Driving The LT5-Powered IROC Camaro

As you can imagine, going from a Tune-Port Injected ride to the King of the Hill LT5 engine had a dramatic effect on how Dirk’s IROC performed. Of course, the additional upgrades he’s completed during the process only make the entire package much better. We asked Dirk what it was like to drive his Camaro. “Going LT5-powered from the 5.7-liter Tune-Port is like a totally different car”, he said. “Doubling the horsepower while adding a 7,000 RPM redline, that 2 1/2-inch Hooker Blackheart true-dual exhaust sounds like no other!”

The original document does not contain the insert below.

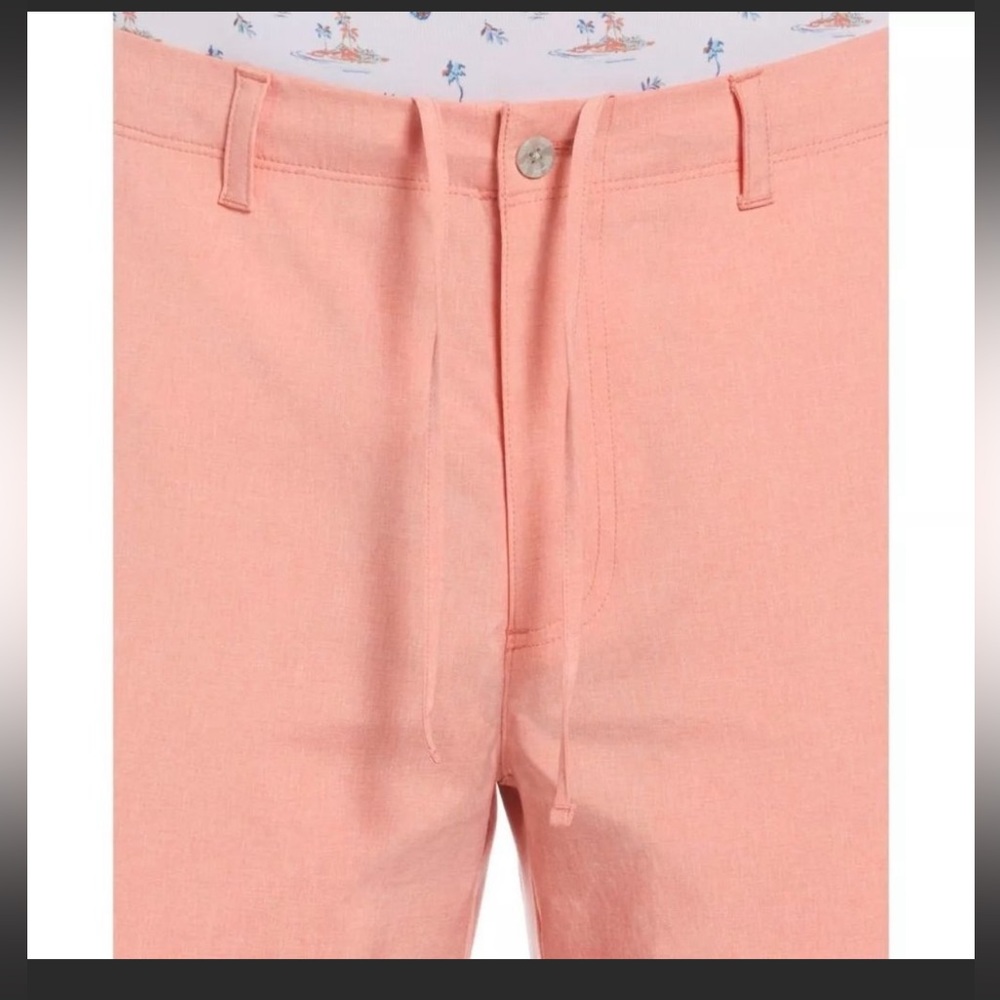 Jack Nicklaus NWT Mens Golf Moisture Wicking Stretchy Shorts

Third-Gen IROC Camaro dyno run

Dirk had his engine dyno-tuned at CarbConn in Kirkland, Washington. In the end, the LT5 punched out 360 horsepower at 6,000 RPM and 351 lb/ft of torque at 4,400 RPM.

We’re pretty sure that Dirk now has his LT5-powered IROC Camaro just the way he likes it. Apparently, many others approve of the conversion as well. Last year, Dirk’s Camaro won the Best of Show at the Pacific Northwest Camaro Club’s All-Camaro event held in Dirk’s home state. He also took top honors on the ThirdGen.org site with the 2022 Car of the Year award!

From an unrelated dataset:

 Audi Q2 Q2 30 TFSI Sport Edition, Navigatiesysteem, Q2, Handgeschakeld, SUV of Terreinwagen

The best part about this build is that Dirk and his son Cody did all the work to this level of detail. Sure, who wouldn’t love to have an LT5 in their ride? But this is more than just LT5-swapping a Third-Gen Camaro. The installation is as clean as any we’ve seen and the ingenuity to overcome obstacles is evident throughout. Dirk also gives credit to the many knowledgeable folks who have helped him along this journey, “A big shout out to my son Cody who was with me all the way, my very good friend Soloc4, Bruce and the crew at Hawks, Mario from the Dub Shop for the MegaSquirt tuning, Jerry’s gaskets, and Marc Haibeck, ZR1 expert extraordinaire.

Congratulations to Dirk (and Cody) for a job well done. We hope they both receive many smiles per gallon. And, if you happen to see a certain drop-top 1989 Chevy IROC Camaro running around the Pacific Northwest, tread softly, because you might find it is really the King of the Hill in sheep’s clothing!